Monday, August 16, 2010

Sittin' on the Dock of the Bay

This post should be consumed in conjunction with THIS

I left my home in Holland
Headed for the Antwerp Bay
Cos I've got a team to ride for
And there's a job to be done today

So I'm just ridin' on the dock of the bay
Watching the peleton roll away
Ooo, I'm ridin' on the dock of the bay
Waistin' time

Holy godfather in heaven. That was hectic. Yesterdays Antswerpse Havenpijl was one of the crazier bike races I have participated in to date.

I am not sure what the term 'Havenpijl' refers to but in 'Lovelock's Thesaurus' it is the foremost antonym for 'scenic' or 'beautiful'. Doesn't matter what Roget thinks, my mind is set. This place sucks.

Well, to be fair, we only saw the docks of Antwerp, we bypassed the real city so if anyone from the Antwerp tourist commission is reading please don't sue me for libel.

The course snaked along the docks with the appetising odours wafting from the buffet of chemical factories lining the course providing motivation for everyone to finish the race as soon as possible. To keep the riders nervous and twitchy were a number of obstacles; there were some cobbles and some nice gutters that I became well acquainted with. The rails of death, however, provided the most drama. A number of times when we would swing round a corner to be greeted with train lines in the road, running parallel with our path of travel.
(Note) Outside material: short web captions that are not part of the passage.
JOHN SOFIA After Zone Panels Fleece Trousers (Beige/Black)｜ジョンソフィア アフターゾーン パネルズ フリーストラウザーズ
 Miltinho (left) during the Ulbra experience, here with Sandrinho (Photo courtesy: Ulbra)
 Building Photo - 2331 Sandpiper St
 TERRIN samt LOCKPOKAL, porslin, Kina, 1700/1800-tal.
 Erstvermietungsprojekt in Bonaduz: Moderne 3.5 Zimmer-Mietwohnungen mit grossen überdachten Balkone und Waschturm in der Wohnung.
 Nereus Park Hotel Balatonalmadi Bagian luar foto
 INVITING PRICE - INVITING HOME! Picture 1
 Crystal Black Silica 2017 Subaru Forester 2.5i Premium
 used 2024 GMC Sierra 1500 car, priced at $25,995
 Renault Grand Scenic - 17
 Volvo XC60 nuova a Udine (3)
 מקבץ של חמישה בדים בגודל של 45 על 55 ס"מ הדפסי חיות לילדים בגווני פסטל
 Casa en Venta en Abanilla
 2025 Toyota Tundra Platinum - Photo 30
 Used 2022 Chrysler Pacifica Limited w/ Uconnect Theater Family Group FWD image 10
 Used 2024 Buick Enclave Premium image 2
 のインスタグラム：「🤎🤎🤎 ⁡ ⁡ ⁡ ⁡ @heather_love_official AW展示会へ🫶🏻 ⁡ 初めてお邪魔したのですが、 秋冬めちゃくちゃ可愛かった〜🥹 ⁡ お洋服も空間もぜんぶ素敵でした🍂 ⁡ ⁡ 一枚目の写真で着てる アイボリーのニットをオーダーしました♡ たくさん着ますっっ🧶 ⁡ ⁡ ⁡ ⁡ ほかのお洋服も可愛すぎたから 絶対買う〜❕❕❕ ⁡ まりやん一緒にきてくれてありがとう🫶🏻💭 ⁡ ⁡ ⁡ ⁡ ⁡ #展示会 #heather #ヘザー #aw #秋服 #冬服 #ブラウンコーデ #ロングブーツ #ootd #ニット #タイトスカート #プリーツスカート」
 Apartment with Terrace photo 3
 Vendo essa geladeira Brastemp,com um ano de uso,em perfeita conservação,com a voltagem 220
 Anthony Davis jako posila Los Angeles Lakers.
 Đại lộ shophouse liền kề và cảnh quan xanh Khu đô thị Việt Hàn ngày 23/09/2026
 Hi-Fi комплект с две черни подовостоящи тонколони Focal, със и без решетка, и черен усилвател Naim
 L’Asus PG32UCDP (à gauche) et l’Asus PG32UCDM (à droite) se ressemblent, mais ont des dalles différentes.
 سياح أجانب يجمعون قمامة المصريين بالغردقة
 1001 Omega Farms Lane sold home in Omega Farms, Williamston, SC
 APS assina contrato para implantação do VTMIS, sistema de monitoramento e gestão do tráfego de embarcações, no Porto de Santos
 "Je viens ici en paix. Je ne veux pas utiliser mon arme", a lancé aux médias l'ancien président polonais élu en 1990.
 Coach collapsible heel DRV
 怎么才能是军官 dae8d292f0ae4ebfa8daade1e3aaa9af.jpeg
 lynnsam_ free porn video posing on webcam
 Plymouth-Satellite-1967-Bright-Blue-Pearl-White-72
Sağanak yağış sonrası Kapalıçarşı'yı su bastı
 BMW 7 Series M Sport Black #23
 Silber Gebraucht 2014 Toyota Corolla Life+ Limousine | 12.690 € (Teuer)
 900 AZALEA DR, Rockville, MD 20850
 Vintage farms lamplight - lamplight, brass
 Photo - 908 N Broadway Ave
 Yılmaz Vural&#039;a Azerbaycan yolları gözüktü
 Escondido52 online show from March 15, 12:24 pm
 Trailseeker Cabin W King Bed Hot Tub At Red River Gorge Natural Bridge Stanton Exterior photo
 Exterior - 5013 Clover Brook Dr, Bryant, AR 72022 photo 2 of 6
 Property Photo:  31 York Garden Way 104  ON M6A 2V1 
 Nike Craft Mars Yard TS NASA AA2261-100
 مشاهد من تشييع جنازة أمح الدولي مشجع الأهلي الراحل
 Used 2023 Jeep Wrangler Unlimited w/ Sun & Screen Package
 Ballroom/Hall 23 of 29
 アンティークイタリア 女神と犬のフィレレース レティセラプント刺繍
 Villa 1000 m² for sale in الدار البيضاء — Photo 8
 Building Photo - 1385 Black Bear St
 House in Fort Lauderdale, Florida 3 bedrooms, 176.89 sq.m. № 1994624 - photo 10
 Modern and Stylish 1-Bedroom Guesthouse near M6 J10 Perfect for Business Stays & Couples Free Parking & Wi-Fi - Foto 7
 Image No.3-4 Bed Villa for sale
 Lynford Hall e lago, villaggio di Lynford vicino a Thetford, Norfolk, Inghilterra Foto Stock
I would come sweeping round these 90 bends, everyone leaned over, flying, bumping, shoving their way to the front before the inevitable split in the cross winds, and I would look up and see people on the exit of the turn changing direction and bunny hopping all over the place. My first reaction was to crap my dacks. My next reaction was to wonder what obstacle was coming up. In between reaction one and reaction two I would see a big nasty looking train line just ready to swallow my front wheel. Then reaction four was to wonder who decided to race us over this road? I mean, it's not even a road, it's just a path for effin big trucks and effin trains to get effin big containers off effin big ships to the effin big factories. And we are effin racing here? What are they, effin nuts?!?!

Luckily in between reactions two and four was an autonomous bunny hop that saved my hide. But then ten minutes later, another set of lines. Oh god. And the steak knives that completed the package got delivered in the form of MORE rail lines, running at a 45 degree angle across the road that we were heading down, with a tailwind, at 50k/h plus. So I was thinking that

Looks like nothings gonna change
Everything still remains the same
I can't do what the DS tells me to do
So I guess I'll miss the break away to,

Sittin' here not breakin my bones
And this hunger won't leave me along
It's 100 miles I rode
And I'm glad to leave this dock and go home,

Now, I was ridin' on the dock of the bay
The peleton has now rolled away
Oooo-wee, just ridin' on the dock of the bay
Waistin' time

Maybe reaction five should have been giving the race organisors a bollocking for such a ridiculous course.

I suppose (apart from apologising to Otis for butchering his song) I should be thankful that it was dry, and, no one crashed. In addition, the wind was really blowing so the racing was good and hard and certainly good prep for the 1.1 Race that we have tomorrow: GP Stad Zottegem.

I'll check back in with some more news as it comes to hand...


1 comment:

  1. I've watched hipster fixie trendies on swanston st of late try to emulate your antwerp race with less success. Stay upright Jono, cause these black clad, sneaker wearing, tight jean hugging, chain dangling trend-setters were still spinning the back wheel after they landed on their heads!